The only difference in these three cases is the definition of the momentum operator. In QED it is defined quite indirectly through renormalization in Dyson's intermediate representation,

  • TS Walhout, Similarity renormalization, Hamiltonian flow equations, and Dyson's intermediate representation, Phys. Rev. D 59, 065009 (1999)
    while in (modified) Dirac equations it is much more tangible.

    More precisely, a free relativistic electron in a pure state is described by a space-time depemndent state vector of the form
    psi(x) = exp {-i p dot x/hbar} psi_0
    where psi_0 is a fixed Dirac spinor with 4 components, lying in the electron subspace.
    The form factor governs the interaction in case the particle is not free but coupled to an external (classical) electromagnetic field. (Coupling to a quantum field is even more complex, not discussed here.) Then psi(x) is still a Dirac spinor with 4 components, but its x-dependence is governed by a modified Dirac equation in which the form factors appear. See

  • L. L. Foldy The Electromagnetic Properties of Dirac Particles Phys. Rev. 87 (1952), 688 - 693.
    and the Section Are electrons pointlike/structureless? in the present FAQ.
    Thus the form factors do not determine (and have nothing to do with) the state of an electron at a fixed time, but characterize how this state changes with time.
    Note that the dressing of the stable asymptotic state (i.e., the free electron) and its form factors are both generated by the QED dynamics.

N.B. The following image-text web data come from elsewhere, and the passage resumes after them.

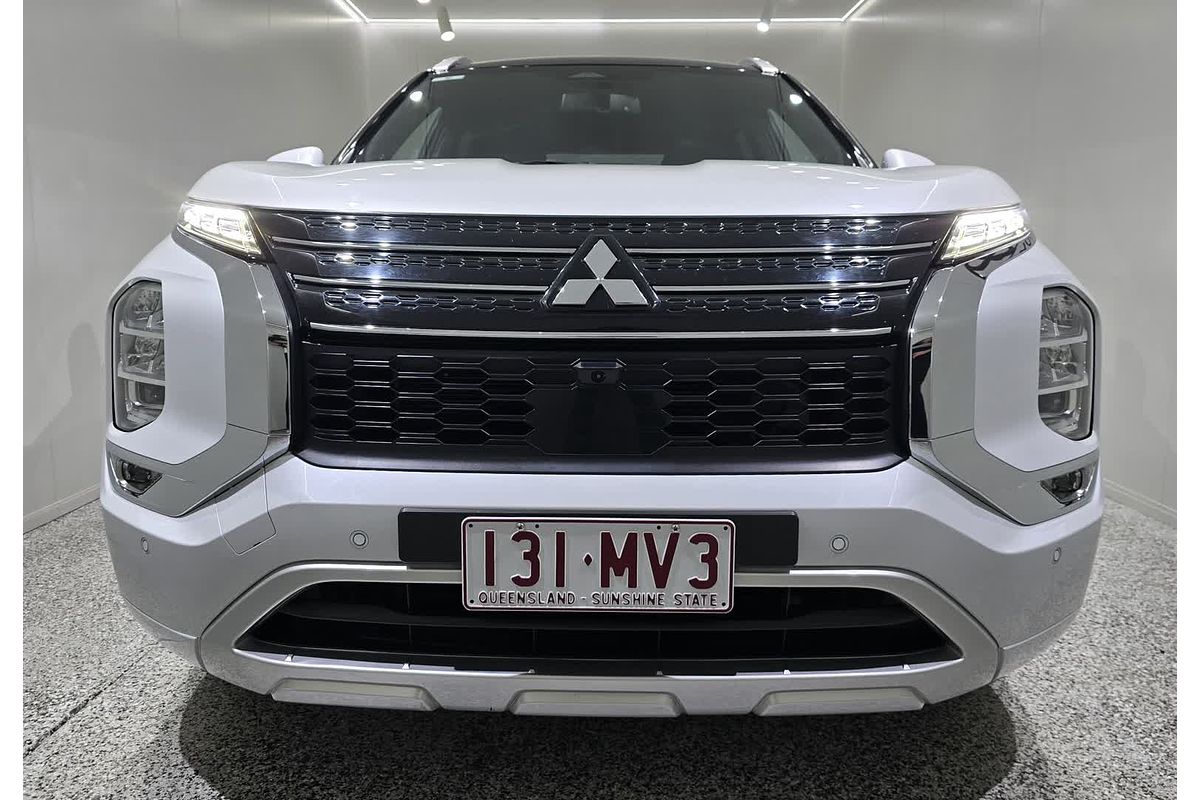 2021 Mitsubishi Outlander Exceed Tourer ZM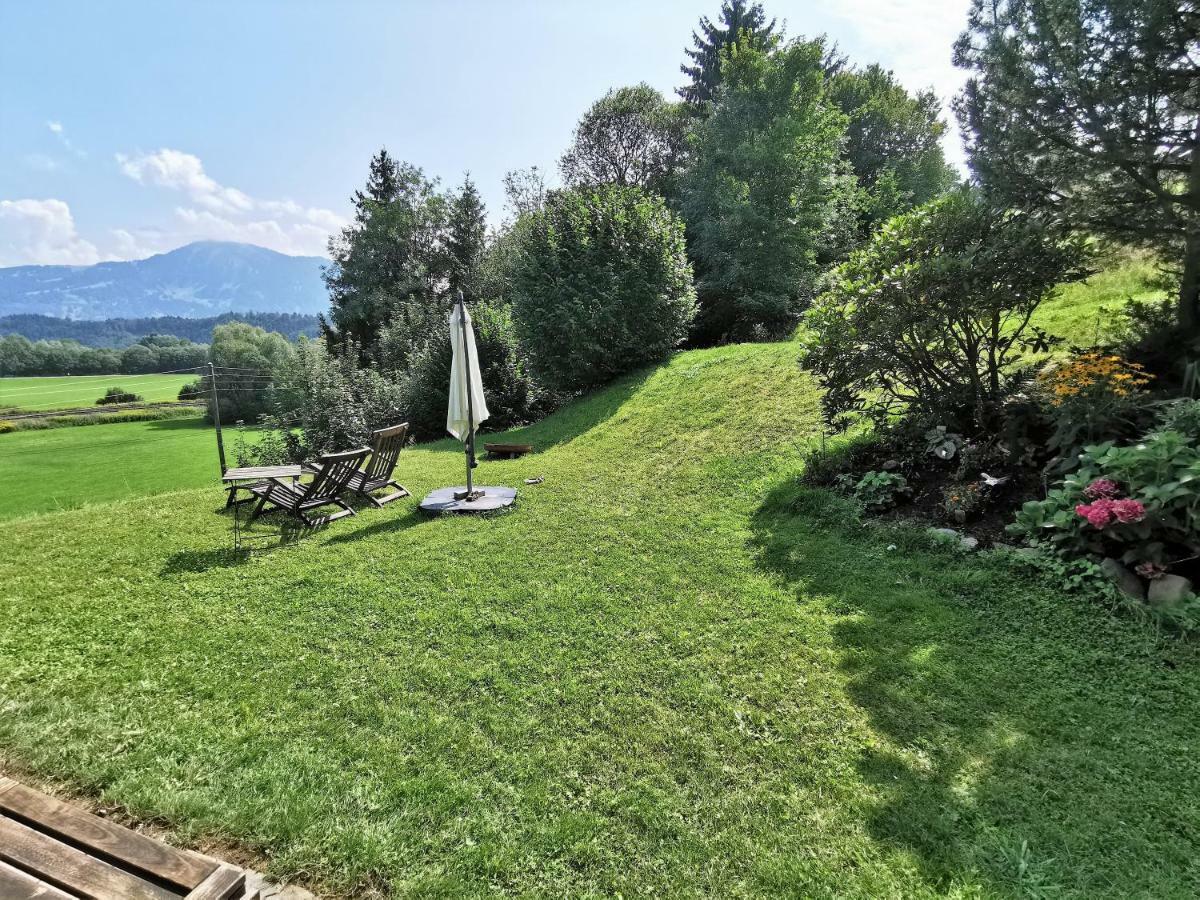 Ferienwohnung Am Eichwald Immenstadt im Allgäu Extérieur photo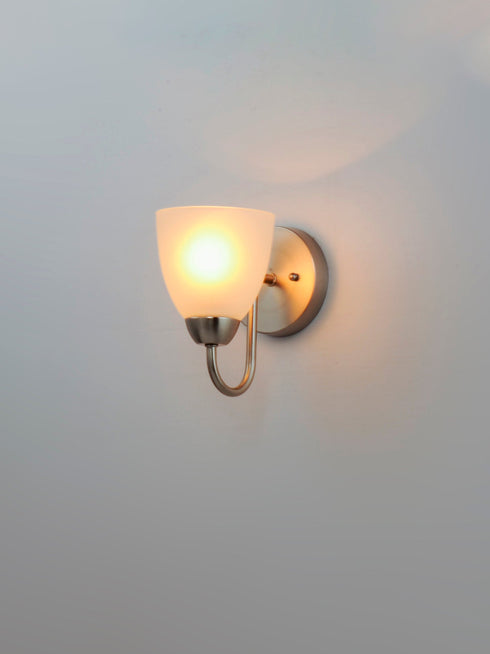 Maxim Axis 1 Light Strip Bath Vanity Model: 11381FTSN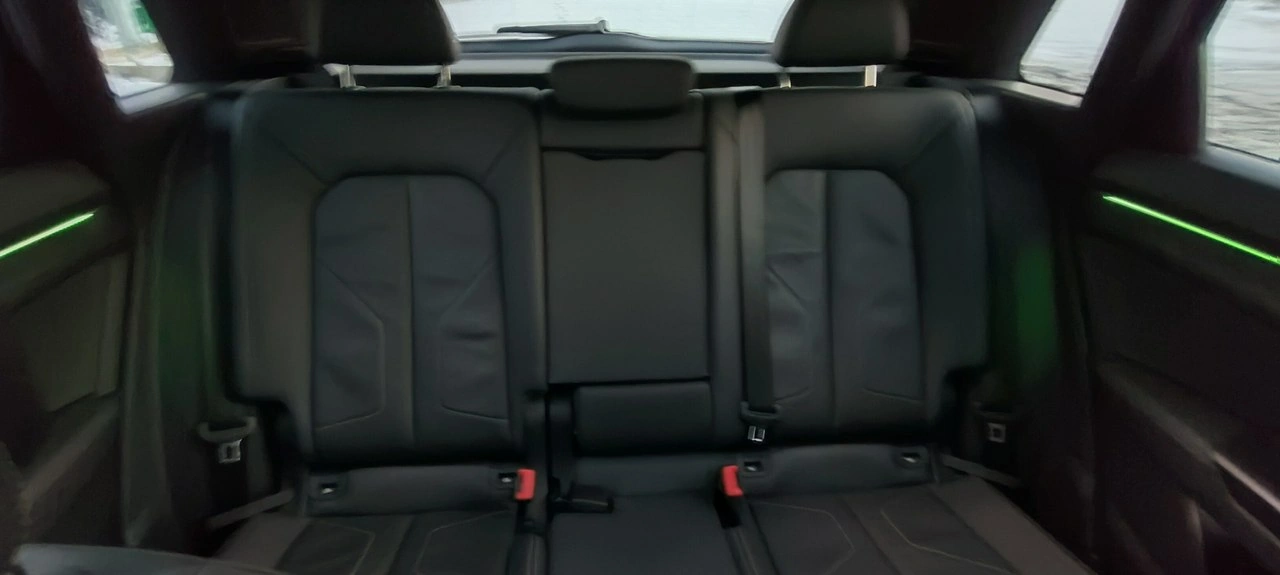 Audi Q3 - Zdjęcie 13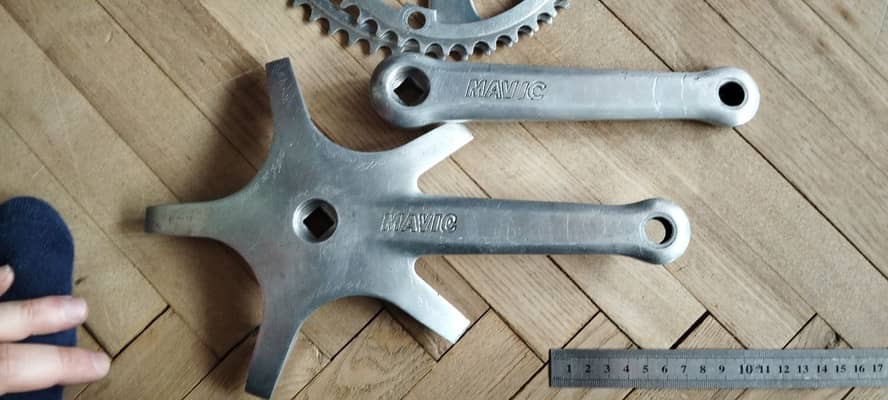 Mavic Starfish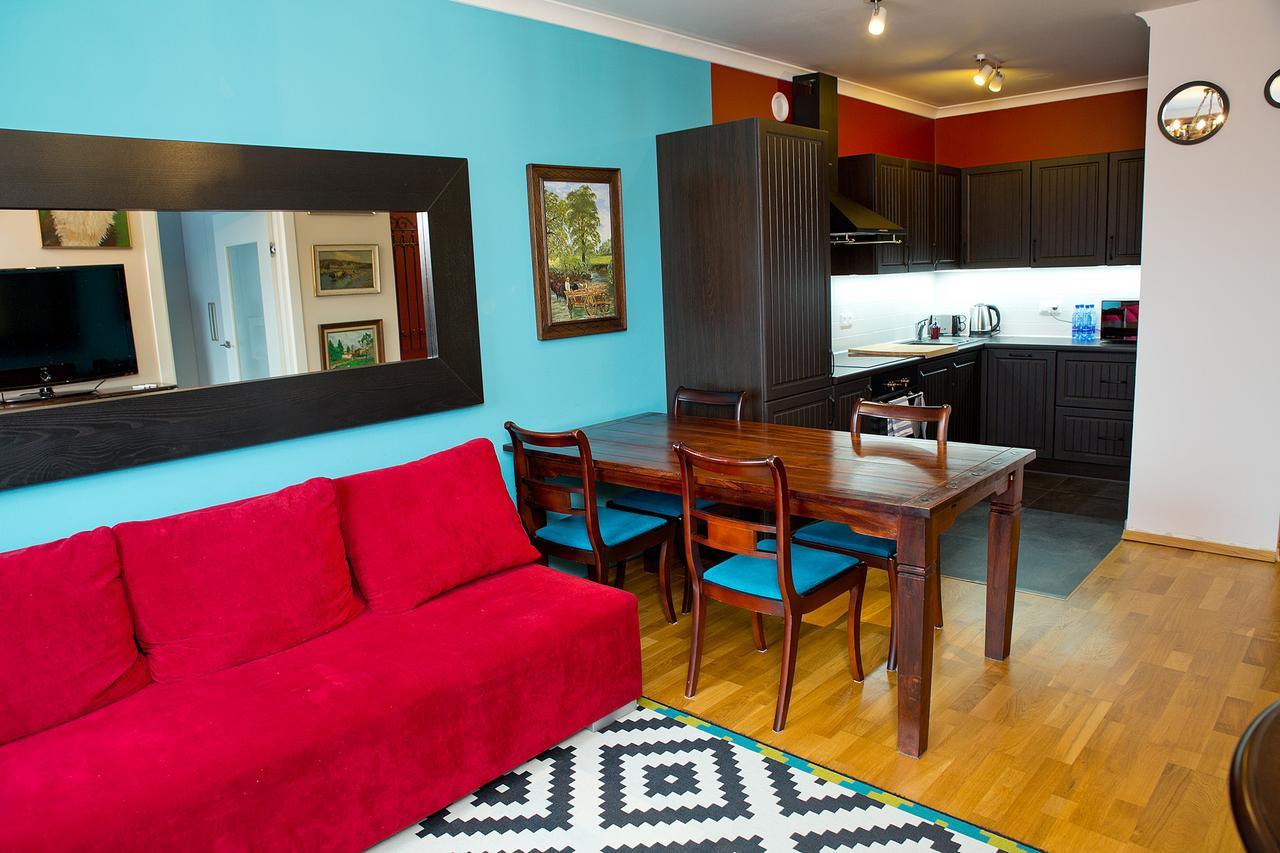 Apartament Wiosenna Kielce Esterno foto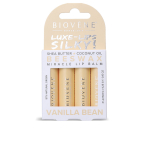 Biov&egrave;ne BEESWAX VANILLA BEAN LIP BALMS PACK 4 pc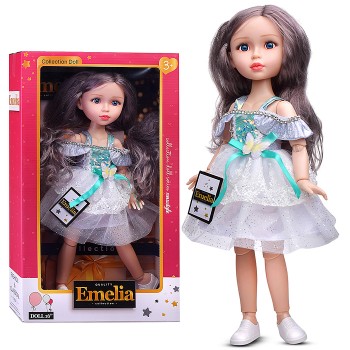 Кукла "Варвара" в коробке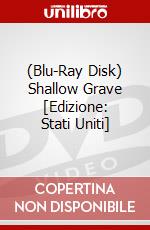 (Blu-Ray Disk) Shallow Grave [Edizione: Stati Uniti] brd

    Compare to the much simpler quantum mechanics of an anharmonic oscillator. here the ground state is dressed - it is the lowest eigenstate of the true Hamiltonian, although it is constructed in perturbation theory from the eigenstates of the free Hamiltonian. Now an anharmonic oscillator is nothing else than a bound 2-particle system in the center of mass frame, and viewed as the latter, one sees that the ground state becomes the asymptotic unexcited in/out state of the 2-particle system (with a trivial S-matrix in this simple case). The dressing of the asymptotic state is generated by the interaction.

    In QED, things are analogous, though significantly more complex. Again the dressed electron state is stable and has trivial scattering behavior since there is no way to decay into other products without violating charge or 4-momentum conservation. Again, the dressing is generated by perturbation theory from undressed point particles satisfying the free Dirac and Maxwell equations.
    This is the case even in the nice, infinity-free treatment of QED in

  • G. Scharf, Finite Quantum Electrodynamics: The Causal Approach, 2nd ed. Springer, New York 1995.
    The difference of the treatment there to the usual treatment lies solely in the fact that he uses point particles with the physical masses and charges to start the perturbation theory, while the standard approach begins with bare particles of infinite mass and charge that are made finite only in a mathematically questionable renormalization procedure.

    Real electrons are of course not alone in the world, and hence are not strictly free. But it is commonly accepted in QFT that one considers scattering events in an asymptotic framework where free, physical particles arise in the limits t --> +-inf.
    There are four levels of approximation:

    In the first three cases, the free electron is always the same object, but its context is different.
    Of course, since there is currently no rigorous non-perturbative formulation of QED, everything can be calculated approximately only. But there are lots of established nonrigorous ways to approximately compute everything of interest, in principle to arbitrary order in either alpha or hbar or c^{-1}. Usually, low order results are already highly accurate.